1,124 reviews39 followers
December 24, 2022
Hahaha this book is baffling!

Where to even begin. A week left in 2022 and this book, number 231, in a year with more bad books than normal, sneaks in as a top candidate for the worst. Honestly, it’s one of the worst books I’ve ever read. And I’m kind of obsessed with it.

What makes it so bad is that it’s deliberate. And that’s also why I’m more confused and amused than mad. Every single choice the author made was the wrong decision, but it’s by design. I have to imagine if this was written by a debut author it never would have been published.

The strangest choice is the writing style. The story is told in clipped staccato sentences, often more like free verse than prose. The perspective moves abruptly between characters, sometimes line-to-line. There is also an absurd amount of onomatopoeia. If there were drinking games for books, “clackety-clack” and “wobble wobble” would have readers blacked out before the 30% mark. Even if you aren’t playing along, you’ll think you’re drunk as these sounds start working their way into the narration and dialogue, becoming verbs and adjectives. Worse, they occasionally appear in rhymes giving the text the tone of a children’s book or bad slam poetry.

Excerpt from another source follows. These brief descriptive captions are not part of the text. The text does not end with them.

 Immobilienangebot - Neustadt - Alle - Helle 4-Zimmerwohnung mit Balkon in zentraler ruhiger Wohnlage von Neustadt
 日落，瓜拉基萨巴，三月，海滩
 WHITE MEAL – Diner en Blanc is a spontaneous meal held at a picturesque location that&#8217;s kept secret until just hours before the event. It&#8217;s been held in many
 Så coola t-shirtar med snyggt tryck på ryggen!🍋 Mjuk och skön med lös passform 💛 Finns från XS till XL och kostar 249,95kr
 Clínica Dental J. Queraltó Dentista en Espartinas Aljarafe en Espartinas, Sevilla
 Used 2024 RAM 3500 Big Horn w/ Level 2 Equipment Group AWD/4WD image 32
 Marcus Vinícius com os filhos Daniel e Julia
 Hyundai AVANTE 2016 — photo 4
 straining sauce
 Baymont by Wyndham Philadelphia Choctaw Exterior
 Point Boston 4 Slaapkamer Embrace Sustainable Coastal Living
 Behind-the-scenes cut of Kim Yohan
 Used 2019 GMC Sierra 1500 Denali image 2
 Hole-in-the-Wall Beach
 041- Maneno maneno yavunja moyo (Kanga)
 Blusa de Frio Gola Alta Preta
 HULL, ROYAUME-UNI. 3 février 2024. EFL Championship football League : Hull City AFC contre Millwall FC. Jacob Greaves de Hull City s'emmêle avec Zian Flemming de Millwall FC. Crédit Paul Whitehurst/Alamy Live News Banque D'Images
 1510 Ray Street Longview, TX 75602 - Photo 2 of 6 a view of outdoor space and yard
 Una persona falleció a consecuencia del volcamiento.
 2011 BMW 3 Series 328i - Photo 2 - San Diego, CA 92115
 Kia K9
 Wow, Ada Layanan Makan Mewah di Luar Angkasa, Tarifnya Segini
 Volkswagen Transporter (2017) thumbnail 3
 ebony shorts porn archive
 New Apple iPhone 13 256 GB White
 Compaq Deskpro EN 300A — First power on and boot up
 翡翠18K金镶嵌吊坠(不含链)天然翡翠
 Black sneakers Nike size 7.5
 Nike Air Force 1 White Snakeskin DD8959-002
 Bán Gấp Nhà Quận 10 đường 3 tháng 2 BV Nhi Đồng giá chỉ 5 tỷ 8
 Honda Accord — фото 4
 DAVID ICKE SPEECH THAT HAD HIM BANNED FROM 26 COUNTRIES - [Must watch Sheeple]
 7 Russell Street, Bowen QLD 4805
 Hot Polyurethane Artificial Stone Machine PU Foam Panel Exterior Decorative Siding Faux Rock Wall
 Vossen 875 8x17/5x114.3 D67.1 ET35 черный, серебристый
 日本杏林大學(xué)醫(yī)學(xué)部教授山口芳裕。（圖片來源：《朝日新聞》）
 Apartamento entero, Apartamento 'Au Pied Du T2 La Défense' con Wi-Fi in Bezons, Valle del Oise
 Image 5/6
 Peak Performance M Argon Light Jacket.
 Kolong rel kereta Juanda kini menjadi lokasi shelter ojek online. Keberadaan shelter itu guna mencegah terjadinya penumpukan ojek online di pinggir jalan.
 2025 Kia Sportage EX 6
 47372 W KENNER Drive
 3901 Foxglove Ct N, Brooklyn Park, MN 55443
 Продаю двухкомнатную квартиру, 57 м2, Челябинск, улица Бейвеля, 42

I only took quotes from one section, more on that shortly. So I’ll just jump to a random page for a sample:
   Terri circled in a wobble-wobble walk through the clackety-clack and failed to blot out what she'd done the night before.
   SWAT Sgt. Michael Carlisle watched his team in the Crew Car pack up and square away. Knew trooper Alice Noah kept her eyes on the screen showing that black cube in the Baggage Car.
   He'd after-breakfast walked through there, and something—one of those sixth sense somethings good sergeants get—something made him wonder.
   He stood as still as the wobble-wobble allowed. Let his eyes patrol the Baggage Car's clackety-clacking, oil-dust smelling, secured confinement.


On paper this is a thriller set on a train, featuring a large cast of characters all with their own schemes. The setup alone is mired in cliche, but these aren’t just any characters. They’re each an archetype (caricature, really) from contemporary American culture, or at least some black-and-white cable news/boomer version of it: racist right-wing banker, neurodivergent child, trigger-happy cops, PTSD-rattled soldier, black female educator, sulky teenage girl, murderous housewife, batty widow, small dog, even a billionaire.

Why would a billionaire be riding the Empire Builder, one of the slowest and most boring train stretches in the US? Metaphor! Instead of giving time to the characters—not that the style would allow it—or enriching the action, much of the book is given over to heavy-handed symbols and banal political observations that are dressed up as transcendent profundities. In one scene, as they gaze out the windows at the emptiness of “real America,” a character holds one end of a headphone cable to the other to explain that the far right-wing (“fascists”) and the far left-wing (“communists” *eyeroll*) are really part of the same continuum. Thrilling.

Moving on to my favorite quote, from a truly awful sex scene:

Proud nipples like top hats. Like eyes staring into his soul.


Incredible. From the same scene:

   Slap slap slap of flesh on flesh, clackety-clack of wheels on steel.
   Fire grabbed-released them Yes!
   They slumped into their embrace.
   Clackety-clack. Clackety-clack.
   Then, oh then, they stretched and curled and cuddled. Him on his back. Her cheek pressed over his heaving chest as they filled his narrow bed.
   Ross had to ask: "Did you hear something?"
   ”Besides my heart exploding?" She raised her face to look at him, bent it to kiss his calming chest. "What more was there to hear?"
   Her hand shot up to block his response.
   "My heart," she explained, "was just, you know, passion."
   ”Just sex."
   "Yes. That's what it was. Just sex."
   "And you're OK now? Your heart?"
   "Ba-boomp. Ba-boomp."
   "That's good, because it sucks when there's a dead girl in your cabin."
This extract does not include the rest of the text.